In the records that follow, find the line containing "Volkswagen passat B7" and the line containing "cartagenajazz's tweet photo.", then transcribe both and every line between them exactly, omitting pictures.

**EXERCISE MATERIALS:**
== Segment start ==
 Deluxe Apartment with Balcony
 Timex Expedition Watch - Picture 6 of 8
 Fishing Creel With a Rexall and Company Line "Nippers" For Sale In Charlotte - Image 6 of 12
== Segment end ==
== Segment start ==
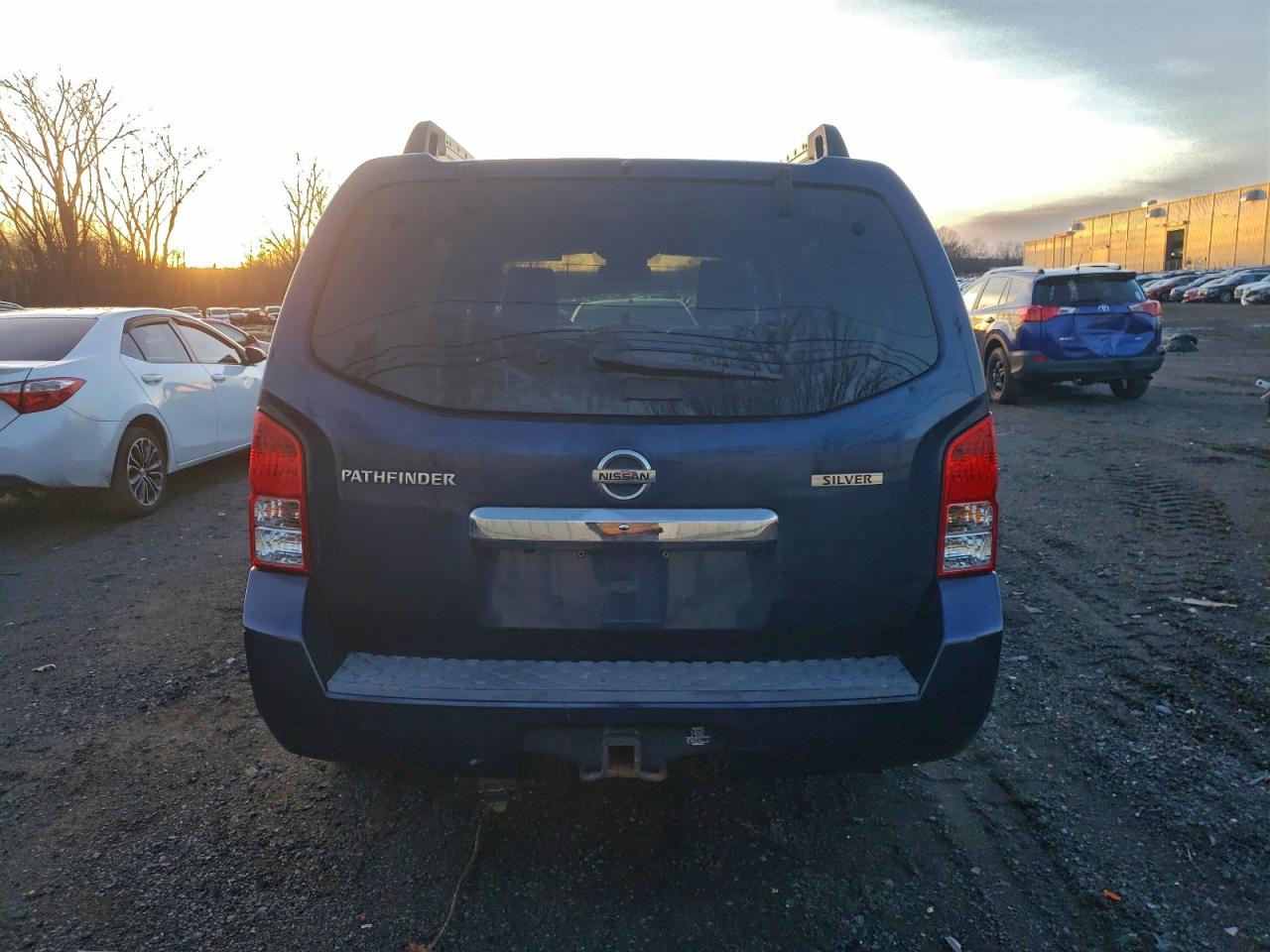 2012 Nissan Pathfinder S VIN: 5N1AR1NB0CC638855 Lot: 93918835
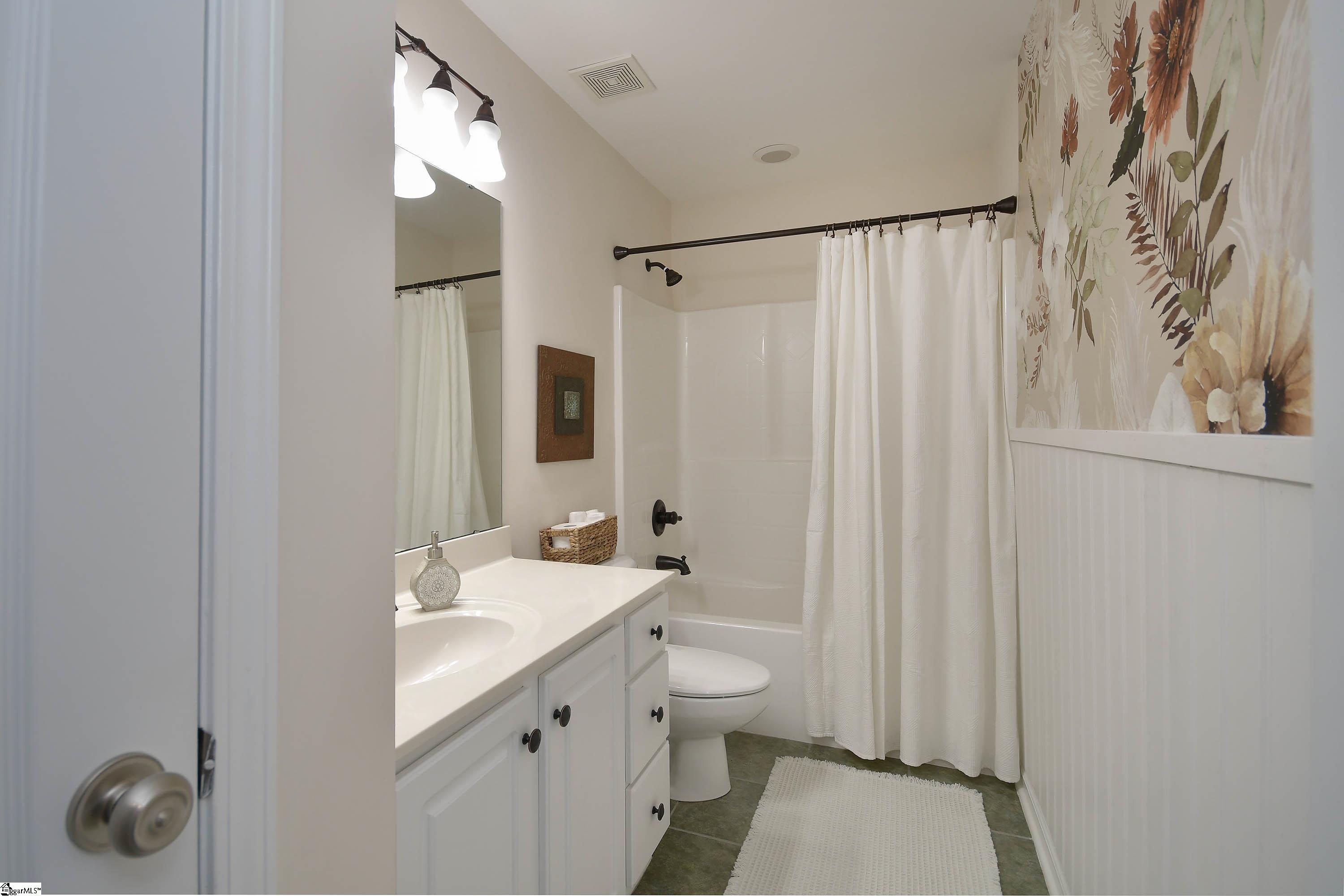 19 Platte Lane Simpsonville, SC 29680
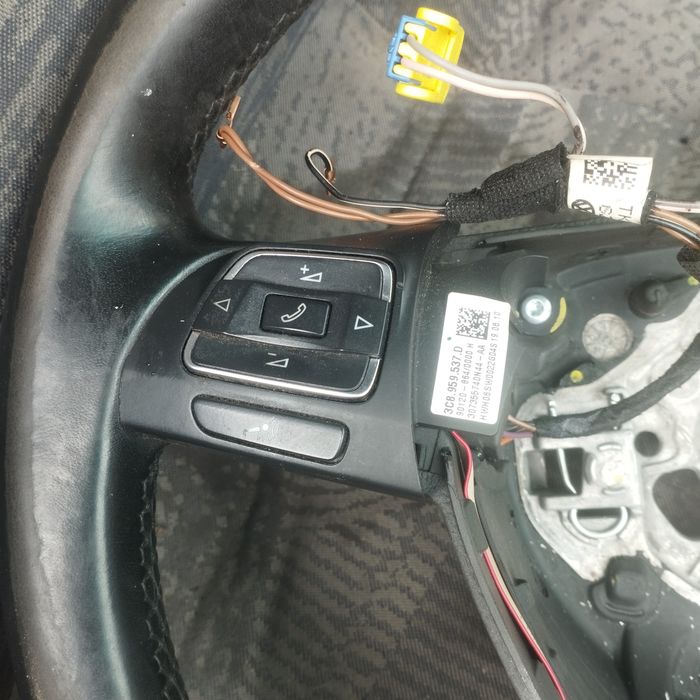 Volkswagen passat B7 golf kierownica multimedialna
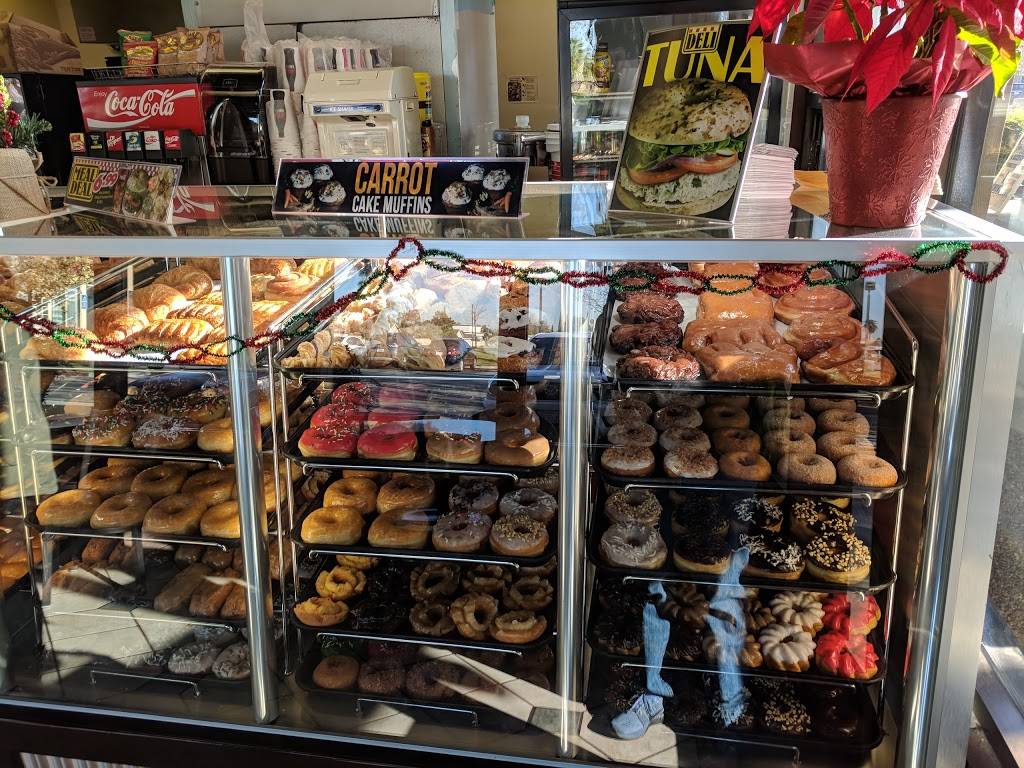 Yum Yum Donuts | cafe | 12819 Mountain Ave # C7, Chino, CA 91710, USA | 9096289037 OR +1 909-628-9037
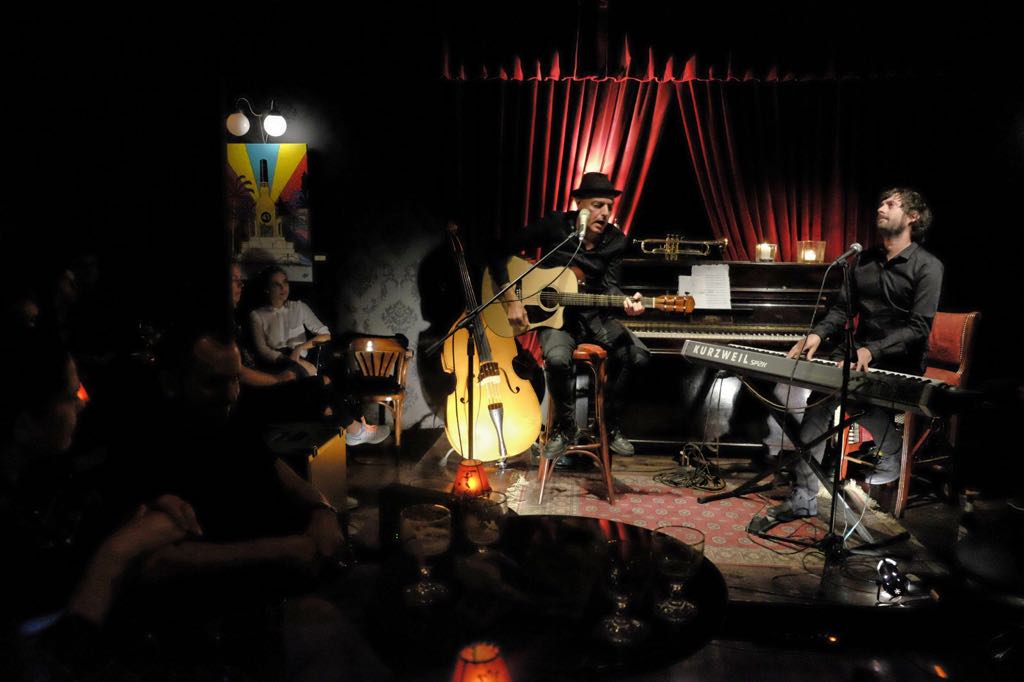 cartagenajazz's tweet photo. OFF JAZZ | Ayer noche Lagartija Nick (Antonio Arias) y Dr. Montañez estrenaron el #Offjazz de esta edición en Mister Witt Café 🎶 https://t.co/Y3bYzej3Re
== Segment end ==
== Segment start ==
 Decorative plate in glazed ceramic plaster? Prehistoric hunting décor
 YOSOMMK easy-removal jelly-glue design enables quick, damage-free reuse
== Segment end ==
**SOLUTION TO THIS EXERCISE:**
 Volkswagen passat B7 golf kierownica multimedialna
 Yum Yum Donuts | cafe | 12819 Mountain Ave # C7, Chino, CA 91710, USA | 9096289037 OR +1 909-628-9037
 cartagenajazz's tweet photo. OFF JAZZ | Ayer noche Lagartija Nick (Antonio Arias) y Dr. Montañez estrenaron el #Offjazz de esta edición en Mister Witt Café 🎶 https://t.co/Y3bYzej3Re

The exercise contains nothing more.